Dylan Byers contemplating the Boston Marathon in Politico has a rare moment of self-knowledge (via TenGrain):
We’re standing on the verge of a very important national conversation about something, and we have no idea what it is.
It's that recurrent nightmare where you're about to go on Stephanopoulos and an assistant comes into the green room to tell you McCain can't make it and you look in the mirror and your hair is like totally weird...
Politico staff ID.
[jump]

Former governor Mark Sanford explaining why he was caught trespassing in his ex-wife's house, cited in The Caucus:
Mr. Sanford said Wednesday he had been watching the Super Bowl with his 14-year-old son that night, while Ms. Sanford was out of town. “As a father I didn’t think he should watch it alone,” he said in a statement through his campaign. “It’s an unfortunate reality that divorced couples sometimes have disagreements that spill over into family court.”
It wasn't the violence of the game itself he was worried about as much as the Beyoncé. You don't let a dumbass court order stand in your way when you have to protect your child from dealing with something like that on his own.
Photo by Terry Richardson for GQ.
Lousiana representative Louie Gohmert warning against los terroristitos:
The Tea Party favorite said he feared people entering the country illegally or posing as undocumented Hispanic immigrants could carry out “copycat things.” “We know Al Qaeda has camps on the Mexican border,” he said. “We have people that are trained to act Hispanic when they are radical Islamists.” 
You'd love the Qa'eda camp when they're practicing for their quinceañeras!
Yemeni militants preparing to invade Gohmert's district.
Pervez Musharraf scratching his head. (They don't like me! They really don't like me!)

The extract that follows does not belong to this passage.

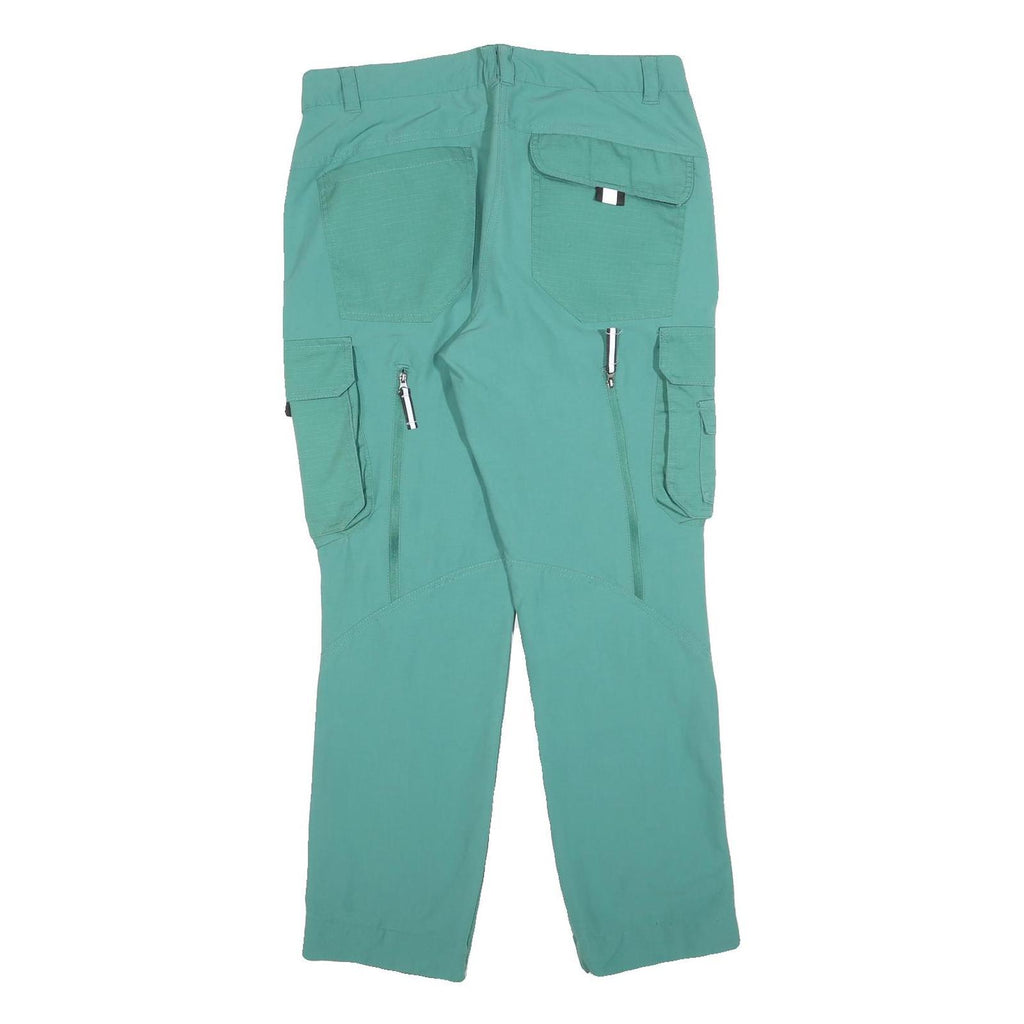 KING CRAFT Mens Polyester Blend Green Regular Cargo Trousers W32 L30 Workwear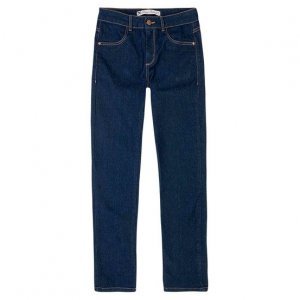 Calça Jeans Regular Feminina Em Algodão Com Cintura Intermediária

Under the Occasional Triumphs of Justice and Second Time as Farce rubrics, Pakistani ex-president Pervez Musharraf was apparently quite astonished when the high court judge in Islamabad refused to extend his bail—I'm not quite sure for which particular case, there are more than one treason charge, conspiracy to commit murder, and various odds and ends—and proposed to put him under arrest right there in the courtroom, like a—gracious, like a common criminal I suppose. After all, he'd come back to "take the country out of darkness"!

So, with that cool decisiveness that made him such an effective ruler back in the day, he looked around, assessed his chances, and ran off down the hall, outdoors, and to the fleet of black lux trucks that would whisk him away to his nearby estate where, as he is so difficult to put under arrest, the authorities have declared the villa a "sub-jail", effectively putting arrest, as it were, over him.
What the well-dressed military dictator is running away in this season, a simple blazer and no tie. I think the color of the trousers is regrettable, though. 
There he languishes, complaining that the judge's decision is "seemingly motivated by personal vendettas". I like that plural. Around 180 million vendettas, I'd guess.

New York Times correcting:

An article on Thursday about Caroline Shaw, who won the Pulitzer Prize for music this week, referred incorrectly to a vocal technique explored by a group she has sung with, Roomful of Teeth. It is Tuvan throat singing — a tradition of the Tuvan people of Siberia — not “tooth and throat” singing.